Increasing yields and offsetting executive benefit expenses

Situation:

A medical center was seeking to increase yields on assets held in cash, U.S. Treasurys, CDs, and short-term bonds.

 

Action Steps:

Assuming no change in yield, the organization’s existing investment strategy would produce $10,462,213 in total income over the next 10 years and $22,019,004 over the next 20 years.  The CFO wanted to increase the yield on these assets without sacrificing safety or liquidity, so he repositioned the $50 million into specially-designed life insurance policies.

The policy cash value was projected to yield 5% per year. The $50 million in policies will produce $31,444,731 in income to the organization over the next 10 years and $82,664,885 over the next 20 years. The funds were earmarked to offset other employee benefit expenses and supplemental retirement benefit plans.

In addition, the total death benefit of the policies on the lives of the medical center’s key people exceeds $150 million, which may be used to:

  1. Provide a benefit to the employee insureds;
  2. Recover the cost of supplemental retirement benefit plans;
  3.  Fund its charitable foundation; and/or,
  4.  Improve the health of its existing under-funded pension plans.

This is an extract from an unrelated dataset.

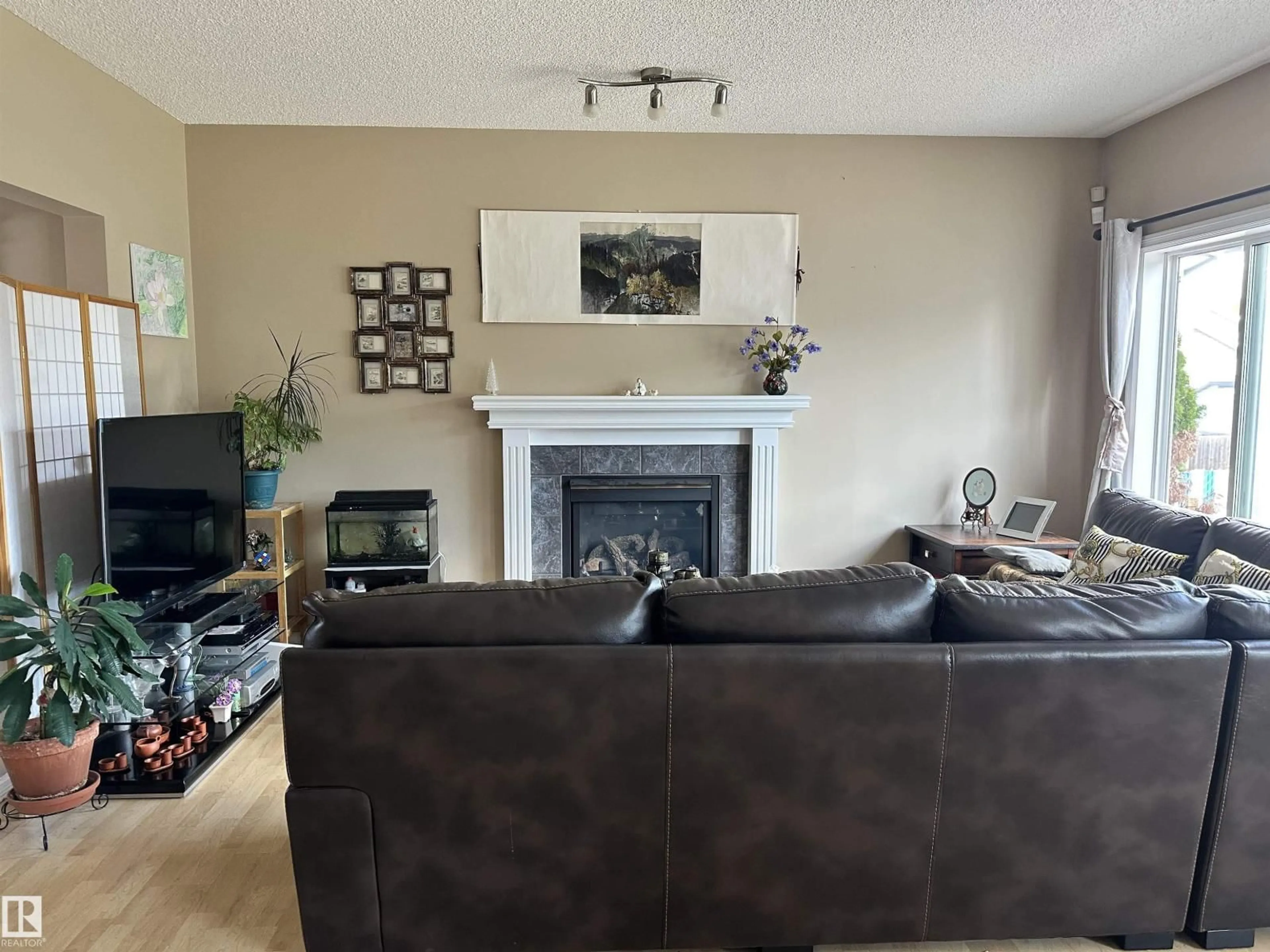 Living room with furniture, wood/laminate floor for NW - 4619 151 AV, Edmonton Alberta T5Y3A1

Unlike investments in bonds and other fixed income assets, as interest rates rise, the yield on these policies will also rise.

 

Results:

The organization was ecstatic to learn that so many important issues could be addressed with such a simple and powerful program, and the results to date have exceeded original projections. They always have the peace of mind knowing that the medical center may access the cash value of these policies, penalty-free, within just a few days.